Created attachment 1712946 [details] Hub Kubelet Master-0 Adding a log file from affected node where, we restart the kubelet and fails again (look for "Unauthorized")
I'm setting this to a high priority / severity since when this occurs, a Node is in a very broken state until kubelet gets restarted.
If It's necessary the environment could be redeployed to reproduce the state and try to fix the bug.
As you know, to maintain this environment in this state with the error replication and so on, will block us in some ways, then we could have this environment as it is for ~8 more bussiness days, from that date we will repurpose the envieonment for other focus. In order to change the state to replicate the issue will cost us like ~3-5 bussiness days, just to let you know ;)

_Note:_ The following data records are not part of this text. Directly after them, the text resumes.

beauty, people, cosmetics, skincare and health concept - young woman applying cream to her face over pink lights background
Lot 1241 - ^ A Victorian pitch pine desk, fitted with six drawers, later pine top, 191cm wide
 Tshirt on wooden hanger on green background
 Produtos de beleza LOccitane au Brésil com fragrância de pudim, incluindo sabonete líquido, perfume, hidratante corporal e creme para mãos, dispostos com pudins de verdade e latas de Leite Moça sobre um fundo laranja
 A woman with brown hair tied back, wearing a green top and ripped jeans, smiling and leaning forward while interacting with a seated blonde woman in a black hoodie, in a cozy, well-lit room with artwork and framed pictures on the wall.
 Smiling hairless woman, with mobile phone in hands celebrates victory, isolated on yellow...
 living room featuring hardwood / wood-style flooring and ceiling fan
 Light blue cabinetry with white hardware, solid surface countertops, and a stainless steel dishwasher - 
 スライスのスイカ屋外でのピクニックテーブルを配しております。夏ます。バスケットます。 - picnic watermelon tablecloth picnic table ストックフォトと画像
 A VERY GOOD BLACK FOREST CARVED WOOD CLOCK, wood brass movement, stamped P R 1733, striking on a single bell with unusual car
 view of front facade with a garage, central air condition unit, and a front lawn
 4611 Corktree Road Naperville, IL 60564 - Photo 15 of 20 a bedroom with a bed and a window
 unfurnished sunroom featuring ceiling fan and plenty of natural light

*** Bug 1872734 has been marked as a duplicate of this bug. ***
*** Bug 1875236 has been marked as a duplicate of this bug. ***
Russell Bryant works on/with the bare-metal team, where NIC resets are most likely to occur vs other platforms. He should be able to recreate the issue.
for testing if upstream fix addresses this issue https://github.com/openshift/kubernetes/pull/398
*** Bug 1873949 has been marked as a duplicate of this bug. ***
*** Bug 1893511 has been marked as a duplicate of this bug. ***
*** Bug 1899109 has been marked as a duplicate of this bug. ***
Hello, This bug is to get the fix backported to OCP 4.5, Could you please confirm the fix release date for OCP 4.5 ? Thanks in advance.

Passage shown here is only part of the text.